Tom Cruise films have a formula, and that's especially true of the Mission Impossible films. He likes a small cast. Little character development. Little plot. Huge, episodic action sequences using live stuntmen (often himsef) and very little CGI, all held together by breaks of compicated exposition that the audience can interpret however they wish. He doesn't go for big emotions. Just big action. To Tom Cruise, character development is just a waste of time that could have been better spent on another big action sequence. Characters are defined by what they do in those action scenes, not what they say in between them. Cruise himself rarely speaks (delivery was never his strong point).

Cruise has been very open that The Final Reckoning will be the last Mission Impossible film, and if he says it is, then it's so (He pretty much owns the franchise). He wanted to go out with a bang. At just a hair over three hours this will likely be remembered as Cruise's magnum opus. The problem with the film is that while it checks all the boxes, it's not much better than most Cruise films. There's simply more of it.

The last film left off with several open plot points. A sunken Russian submarine containing a computer virus. A key that might access it.

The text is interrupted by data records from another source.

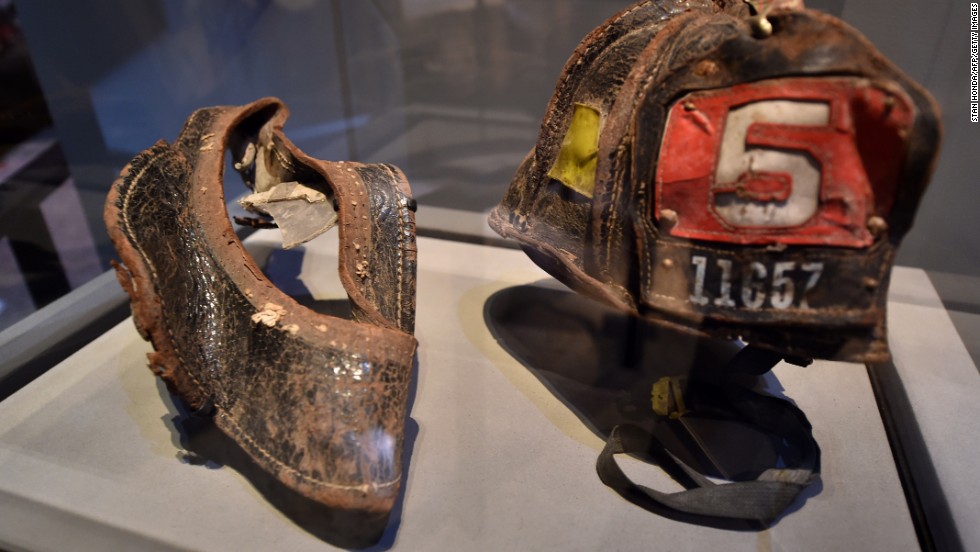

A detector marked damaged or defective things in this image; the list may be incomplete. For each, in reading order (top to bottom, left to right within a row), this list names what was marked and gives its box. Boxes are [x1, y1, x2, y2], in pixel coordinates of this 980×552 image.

damaged leather boot [104, 97, 418, 516]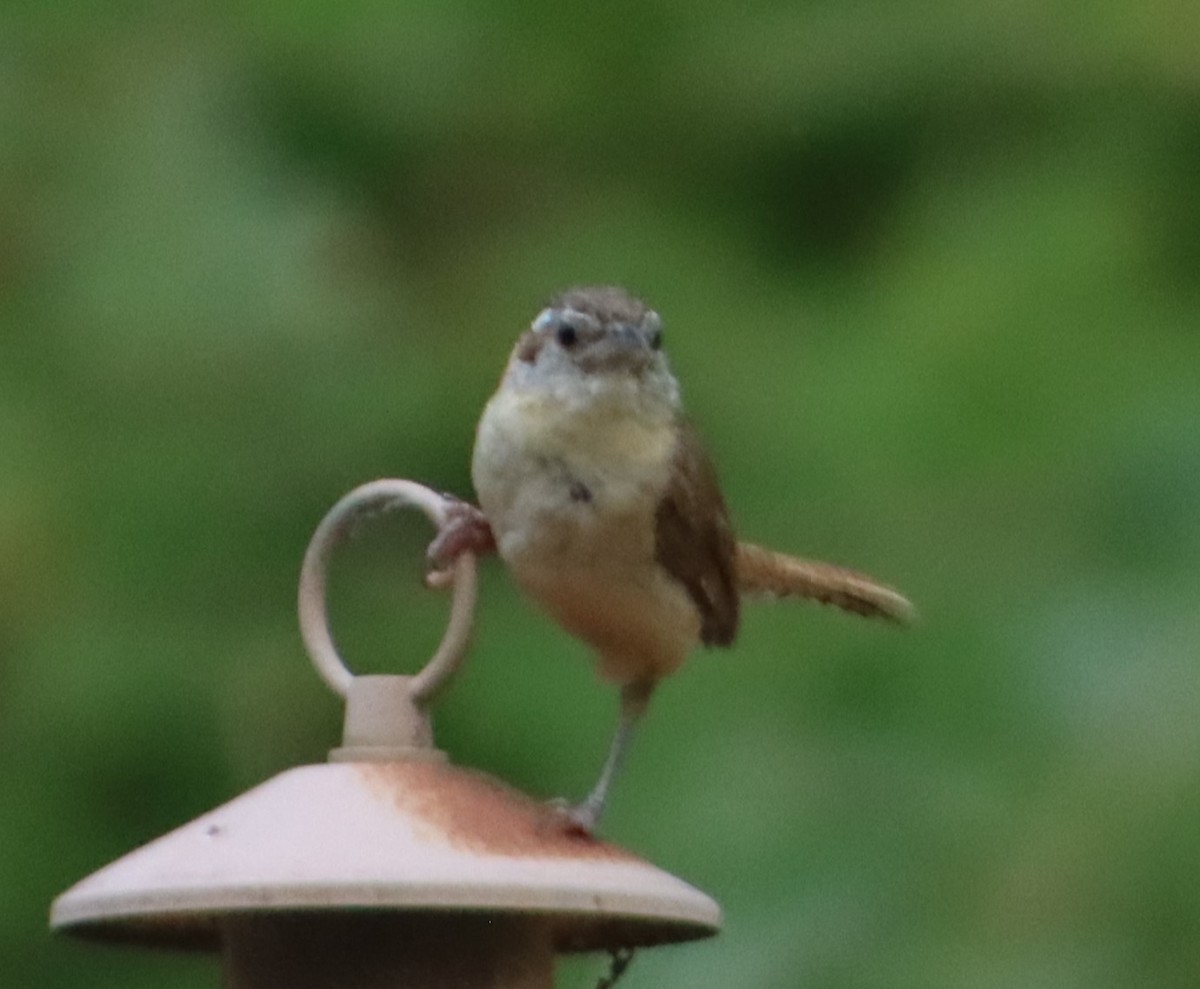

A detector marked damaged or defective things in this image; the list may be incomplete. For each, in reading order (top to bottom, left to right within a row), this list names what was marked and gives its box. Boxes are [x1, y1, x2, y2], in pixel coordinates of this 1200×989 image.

bird's rusty tail [729, 540, 916, 624]
rust stain on metal [352, 763, 638, 859]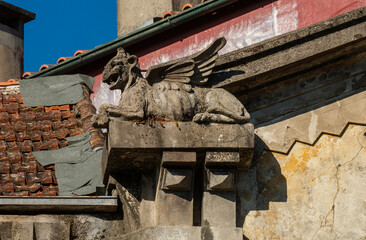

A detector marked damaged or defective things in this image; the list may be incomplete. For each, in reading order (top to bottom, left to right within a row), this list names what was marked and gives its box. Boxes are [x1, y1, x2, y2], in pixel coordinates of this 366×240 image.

A power-crazed underworld leader who wants to control the world, and Ethan Hunt's team stretched thin, with one dead, and another hospitalized. Final Reckoning picks up almost immediately after the last film. The race is on to reach the sunken submarine and stop a computer threat cryptically named The Entity (a typical Cruise name, revealing as much about the threat as a Cruise film will ever give you).

It wouldn't be Mission Impossible if the stunts weren't impossible. These films like to push the action to the point where they no longer seem plausible and leave you saying "enough already. Give him a break!" Hunt doesn't just grab a biplane taking off and climb into it - he climbs into one cockpit, then the other, then transfers from a crashing plane to another biplane, climbing into both of its cockpits! It makes what Indiana Jones did seem easy, and maybe that's the point, but it also seems overly long and complicated.

Tom Cruise also isn't Tom Clancy. The world's most powerful Russian submarine isn't a mystery to be solved - it's just a propeller to be dodged. The threat of nuclear war isn't solved by great minds searching for a solution we didn't see coming - it's solved with a slight-of-hand trick.

In the end Final Reckoning is a big, fun, action spy film, but is it any better than watching two Mission Impossible films back-to-back? Probably not.